Pioneering Combinatorial Investigation to Unlock the Potential of Lithium Borosilicate Glasses as Solid Electrolytes

The development of solid-state electrolytes for lithium-ion batteries (LIBs) focuses on enhancing the safety, lifetime, and energy density. Lithium borosilicate glass ceramics (LBS) have garnered interest due to their electrochemical stability and deformability. However, achieving highly ionic conductive glasses requires fully glassy LBS compositions at high lithium contents and this remains a challenge. To date, only a handful of Li–B–Si–O compositions have been studied as prospective solid electrolytes. Herein, we developed the combinatorial synthesis of glasses by the melt-quench method. We adapted our high-throughput techniques to be able to obtain XRD, ionic conductivity, electronic conductivity, and the electrochemical stability window on these glasses. Furthermore, we designed a high-throughput softness measuring system with exceptional precision for effective determination of deformability and this test demonstrates excellent correlation with the glass transition temperature (a measurement that cannot be performed in high-throughput). Our investigations explored the influence of composition in over 360 different combinations of Li–B–Si–X–O where X are substituents from a list of 55 elements.
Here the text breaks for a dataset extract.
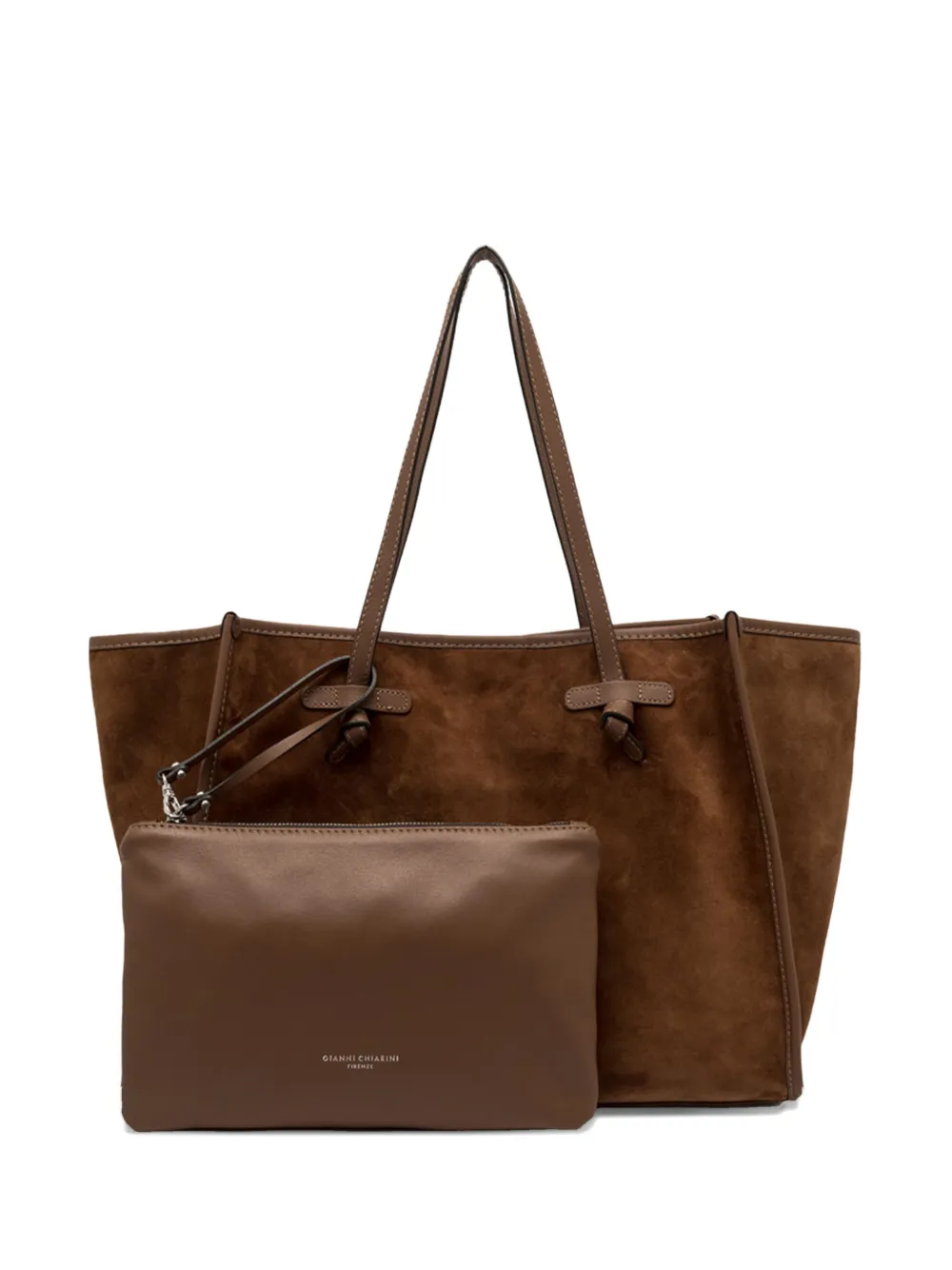 GIANNI CHIARINI Marcella knotted-handles suede tote bag Bruin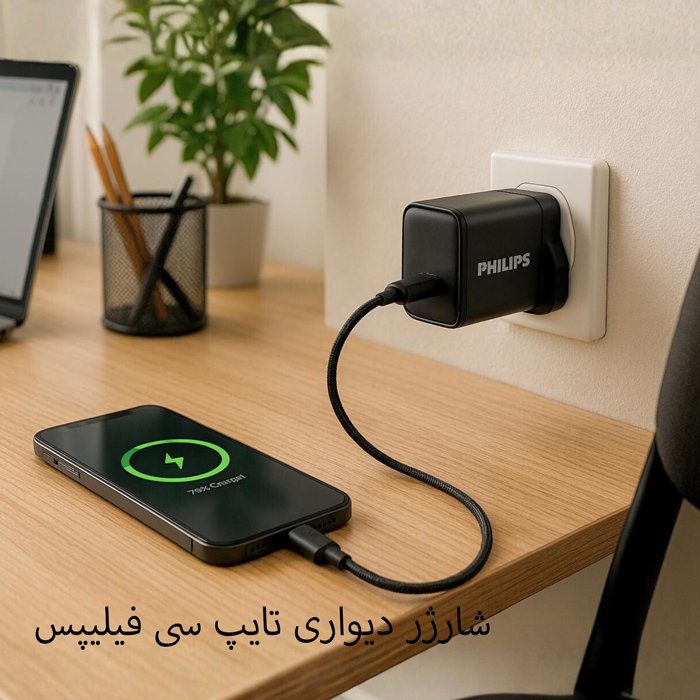 شارژر متصل به موبایل و پریز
Low level substitution (1%) was found to increase the solubility of Li in the glasses which in turn dramatically increased the deformability and gave a moderate improvement in ionic conductivity. In addition, our study unveiled that substitutions have an impact on the electrochemical stability window with the Zn-substituted glass demonstrating a greater anodic stability limit compared to the unsubstituted LBS electrolyte. Overall, this study provides valuable insights into lithium borosilicate composition–property relations. Extending combinatorial techniques to the study of glassy solid electrolytes opens up many avenues for accelerated design of this class of materials.